Meneer Riskilä komt van de intensive care, waar hij ruim een week heeft gebivakkeerd met een buisje in zijn keel. Mechanische ventilatie heet dat, intensivisten zijn nu eenmaal dol op technische terminologie. Mij doet die benaming denken aan een bovenraampje dat wordt opengezet, een raampje om de ziel wat lucht te geven terwijl hij slaapt.
Het gaat gelukkig stukken beter met hem, maar hij is nog steeds verward. Als ik meneer Riskilä vraag waar hij is, antwoordt hij dat hij zich in Stockholm bevindt, hij staat op het punt om met de boot te vertrekken. Dat is het cruiseschip naar Turku, de stad waar we volgens mijn gegevens in werkelijkheid zijn. Dat betekent dat hij in elk geval de goede kant op gaat, en ik maak daaruit op dat het ook met hem de goede kant op gaat, in wanen zit meer wijsheid dan we bevroeden.

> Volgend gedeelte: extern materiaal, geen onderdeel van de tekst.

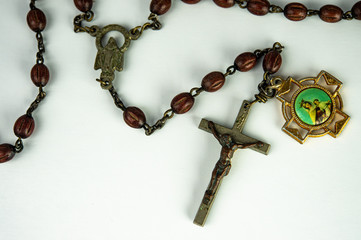 Closeup Jesus Christ crucifix and rosary with brown beads isolated on white background.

Mijnheer Riskilä is wantrouwig jegens de verpleegkundige, al twee dagen weigert hij de pillen die ze hem aanbiedt. Gisteren sloeg hij zelfs van zich af toen ze hem met een vruchtensapje wilde vergiftigen. Hij mompelt dat hij de kapitein is, en dat hij zelf wel uitmaakt wat hij eet. Hij kijkt me aan alsof ik wel begrijp wat hij bedoelt.
‘Laat mij het maar eens proberen,’ fluister ik de verpleegkundige toe. ‘Mannen onder elkaar, dat gaat beter. Hij beweert toch dat hij kapitein is? Een echte vent slaat niet af wat een kameraad hem aanbiedt.’
En warempel, de pillen gaan erin alsof het borrelnootjes zijn. Er is niets zo bevredigend als het vertrouwen winnen van iemand die verward is, vaak lukt het ook mij niet ook al doe ik nog zo mijn best. Soms moet je voor de veiligheid van de patiënt middelen toepassen waar je als zorgverlener voor terugschrikt: een injectie die willoos maakt, of fysieke dwangmiddelen die met allerlei eufemismen worden aangeduid.
Ik ben meneer Riskilä dankbaar, want dit soort kleine wonderen maakt het artsenvak tot een van de mooiste die er bestaan. Voor even leef ik in zijn waanwereld, voor even zijn we twee kapiteins onder elkaar, de afdeling is mijn schip.